### [YOUR TASK]
Go to the line containing "HUB USB LogiLink 2x USB-A 3.0 (CU0035)" and retype it and every later line exactly as written, up to the last line of the entries. Keep pictures out.

····················

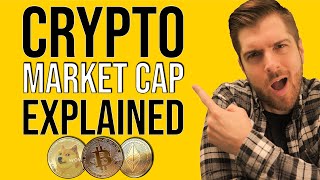 Crypto Market Cap Explained  Stocks vs Crypto [upl. by Hermon]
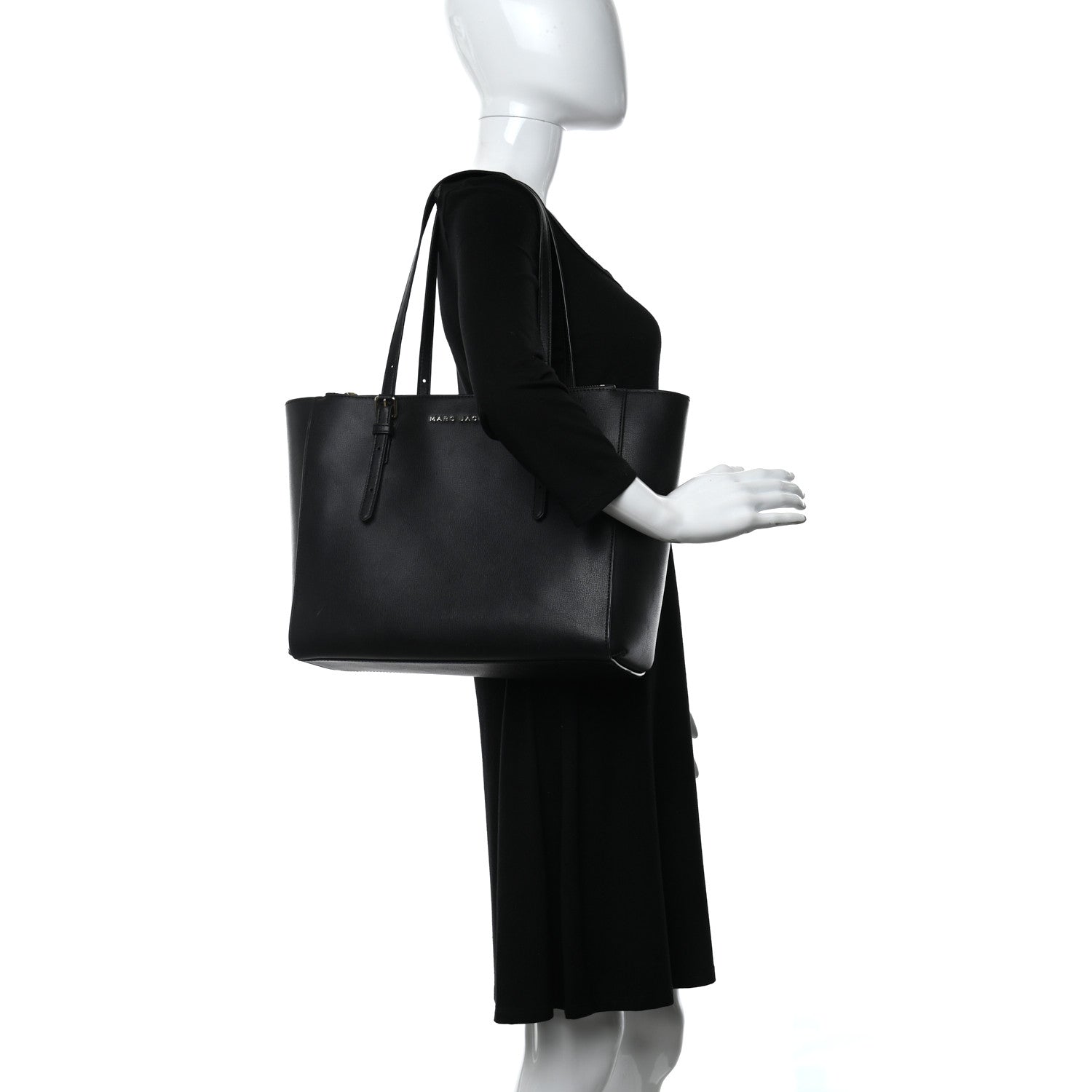 Marc Jacobs Calfskin Tote Black 2 of 16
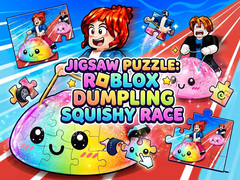 Gra Jigsaw Puzzle: Roblox Dumpling Squishy Race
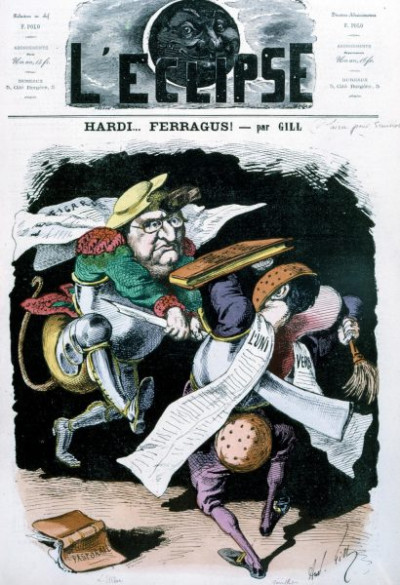 Hardi ... Ferragus!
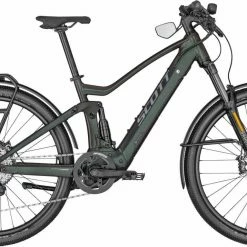 Scott Axis ERIDE FS Speed Iridium Black / Reflective Silver E-Bike Fully Mountainbike Trekkingrad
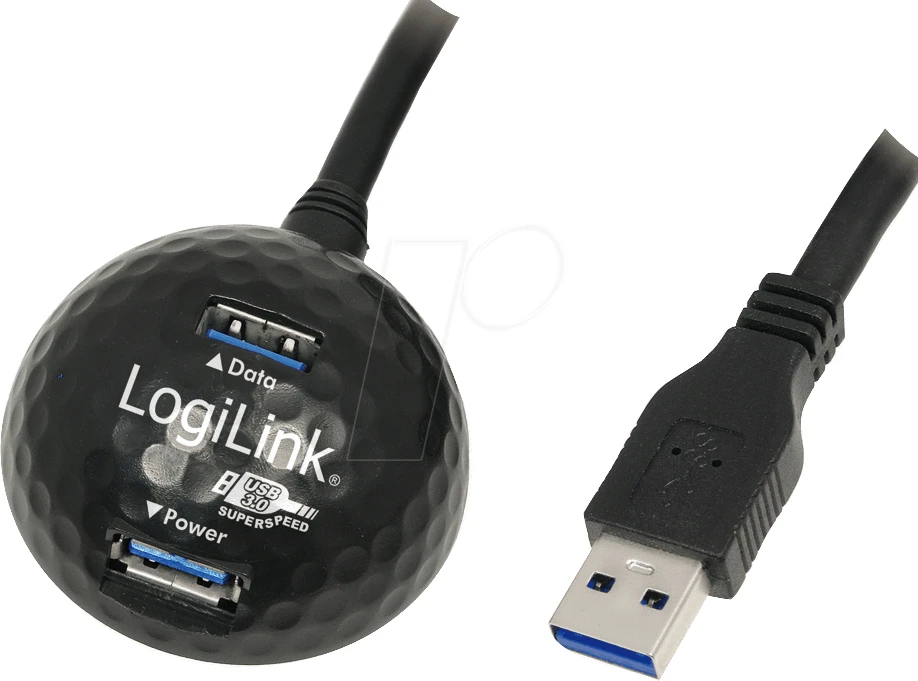 HUB USB LogiLink 2x USB-A 3.0 (CU0035)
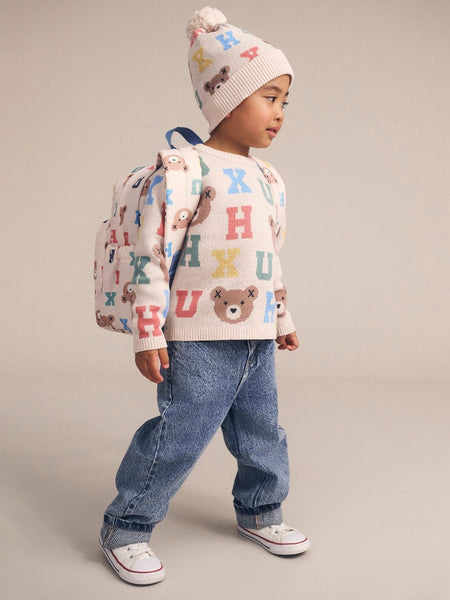 Huxbaby - HUX Alphabet Knit Jumper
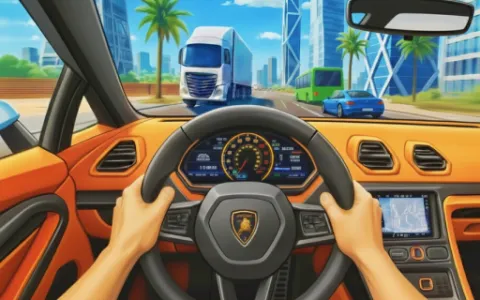 Crazy Traffic Racer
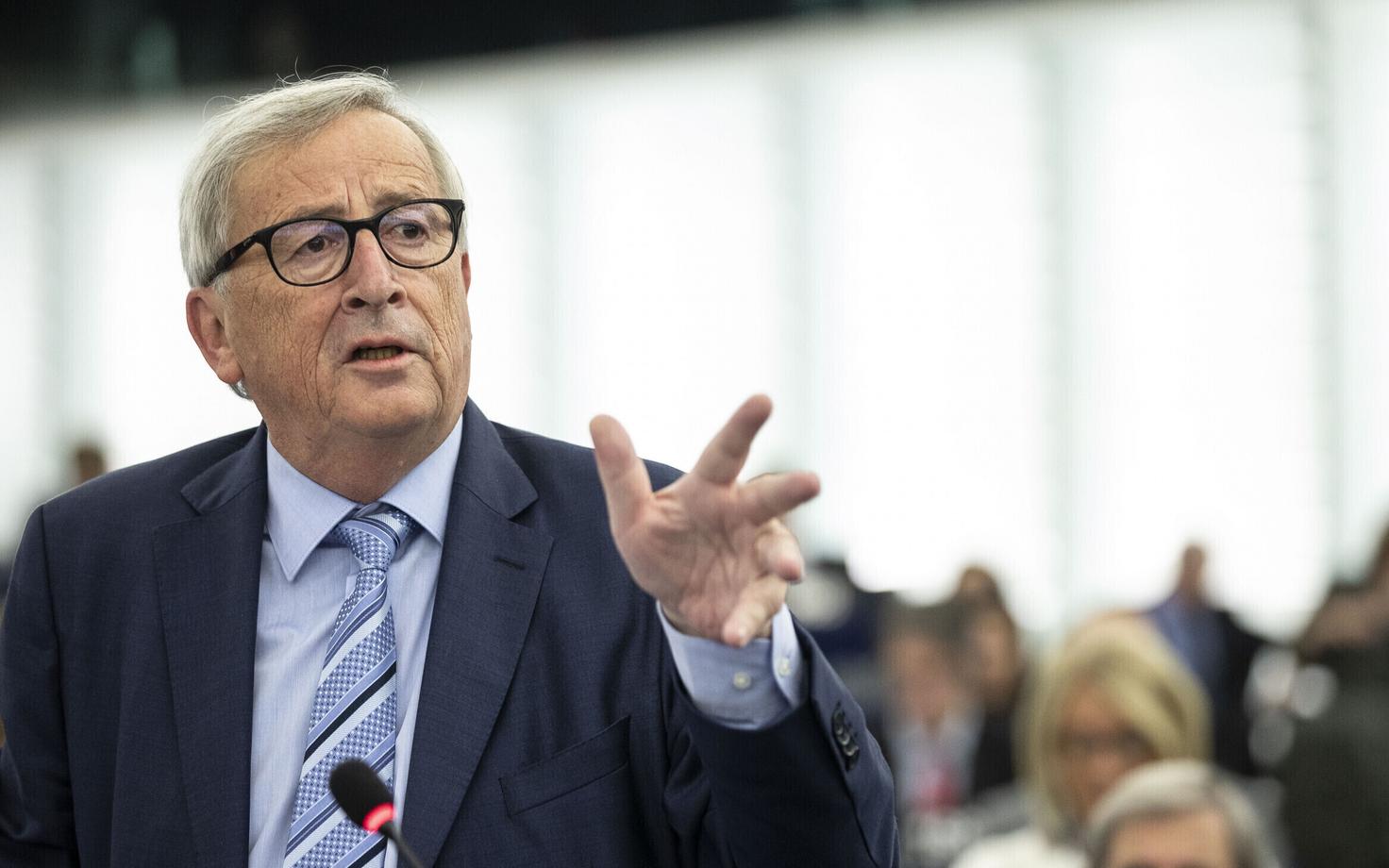 Euroopa Komisjoni president Jean-Claude Juncker.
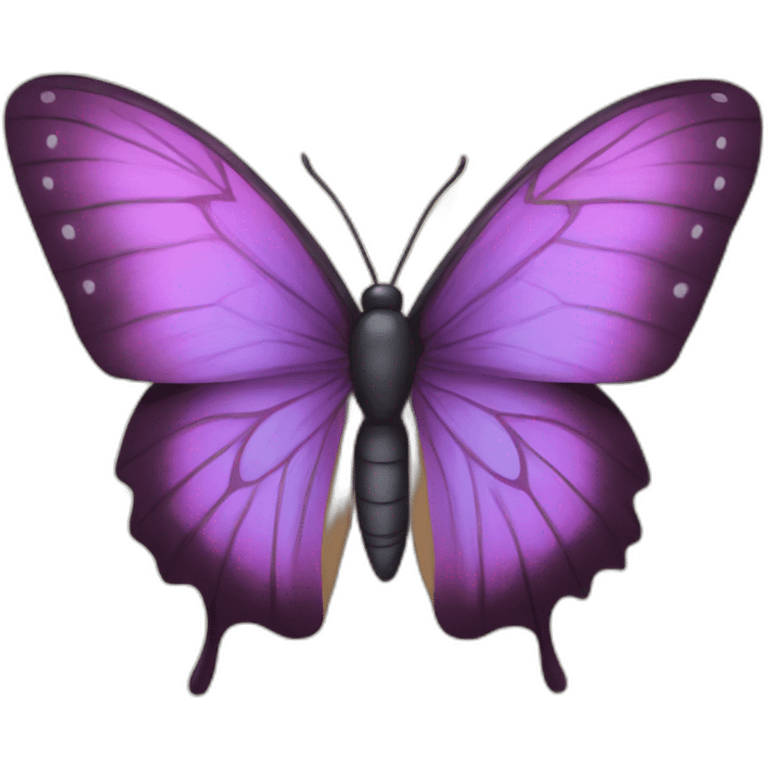 Mariposa emoji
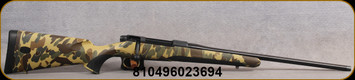 Mauser - 308Win - M18 Standard - Fred Bear Old School camouflage Polymer Stock/Blued Finish, 22"Threaded(9/16"x24), Mfg# MPNM18OS308T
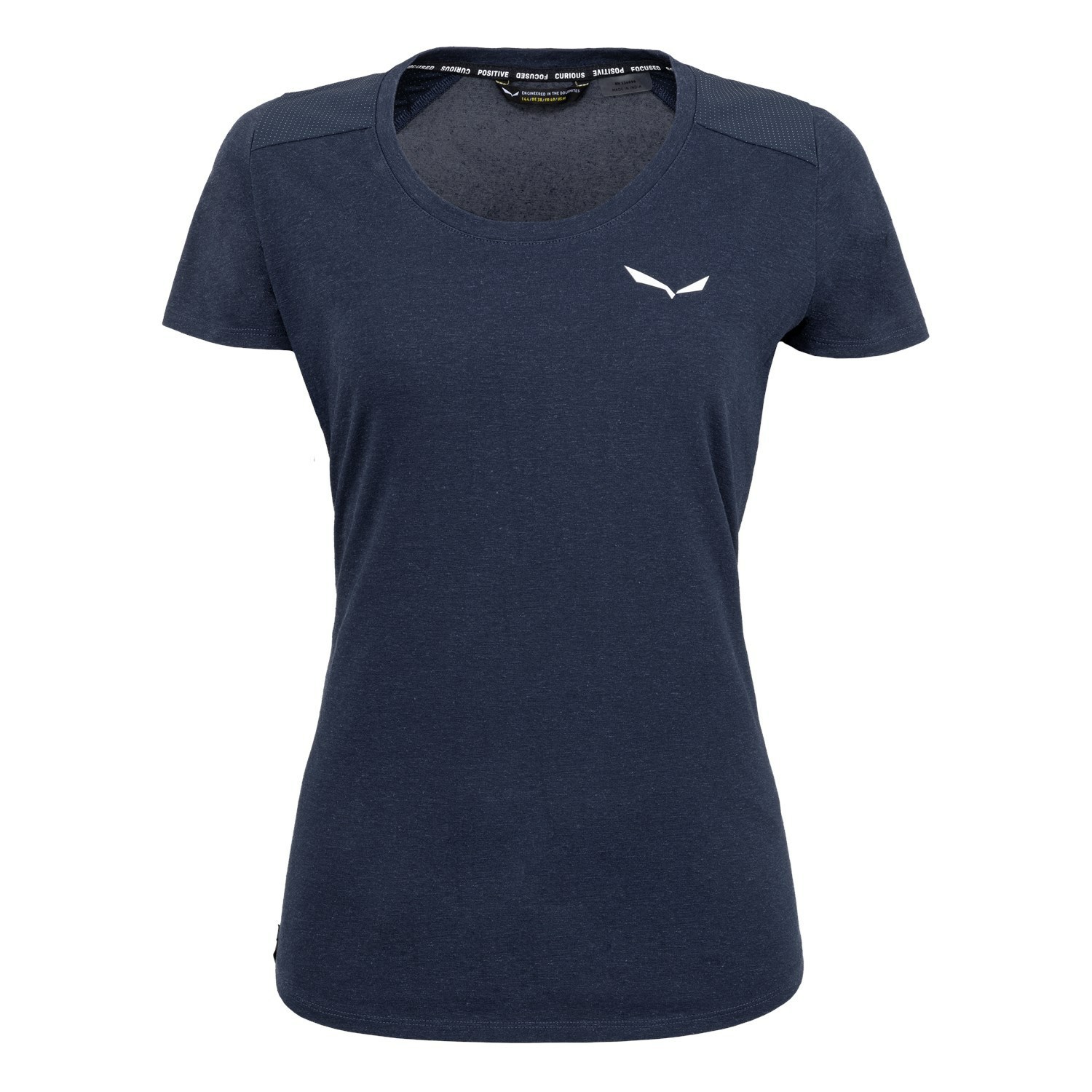 Camiseta Salewa Alpine Hemp Mujer Azul Marino | VX3758219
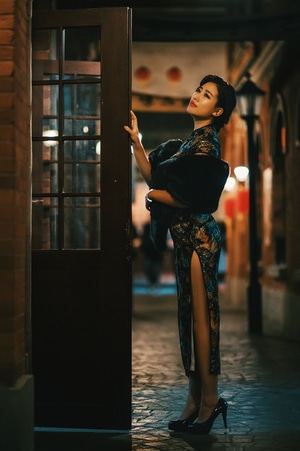 小清新-复古-写真-人像-情绪 图片素材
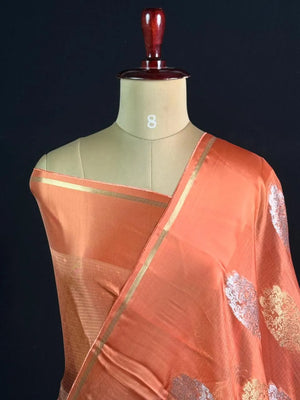 Pure Mashru Kota Silk Saree – Lightweight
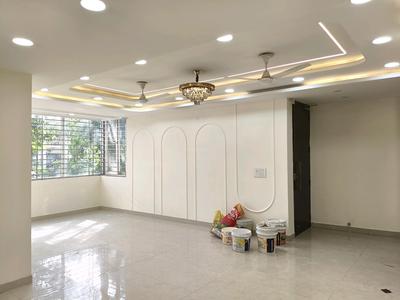Living Room Image of 2300 Sq.ft 3 BHK Builder Floor for rent in Palm Floor Ardee City, Sector 52 Gurgaon for Rs. 55000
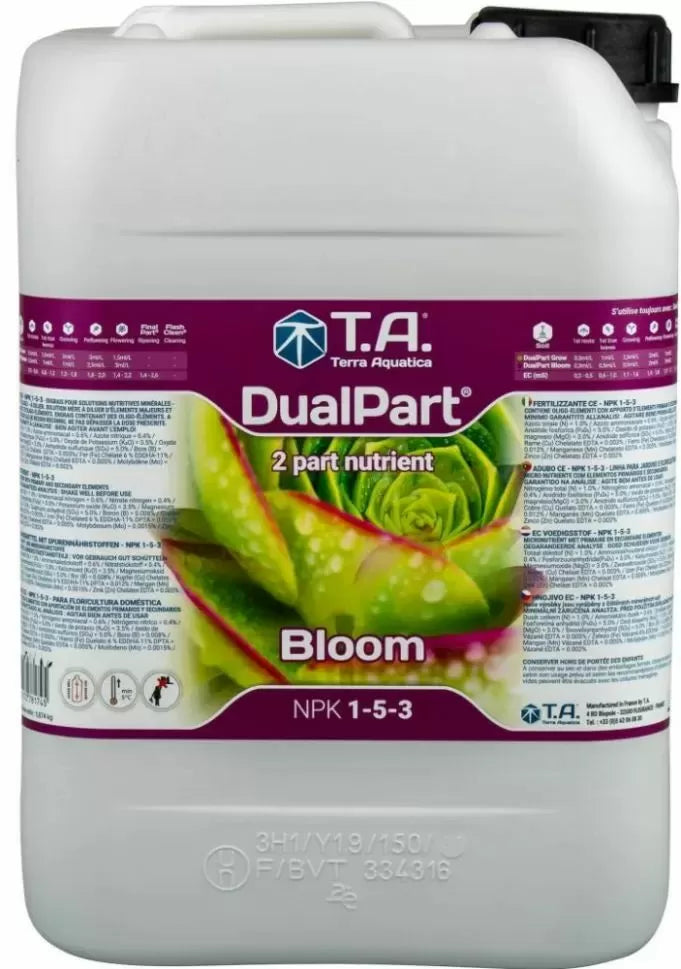 T.A. DualPart Bloom - flowering nutrient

····················

### [RESPONSE TO THIS EXERCISE]
 HUB USB LogiLink 2x USB-A 3.0 (CU0035)
 Huxbaby - HUX Alphabet Knit Jumper
 Crazy Traffic Racer
 Euroopa Komisjoni president Jean-Claude Juncker.
 Mariposa emoji
 Mauser - 308Win - M18 Standard - Fred Bear Old School camouflage Polymer Stock/Blued Finish, 22"Threaded(9/16"x24), Mfg# MPNM18OS308T
 Camiseta Salewa Alpine Hemp Mujer Azul Marino | VX3758219
 小清新-复古-写真-人像-情绪 图片素材
 Pure Mashru Kota Silk Saree – Lightweight
Living Room Image of 2300 Sq.ft 3 BHK Builder Floor for rent in Palm Floor Ardee City, Sector 52 Gurgaon for Rs. 55000
 T.A. DualPart Bloom - flowering nutrient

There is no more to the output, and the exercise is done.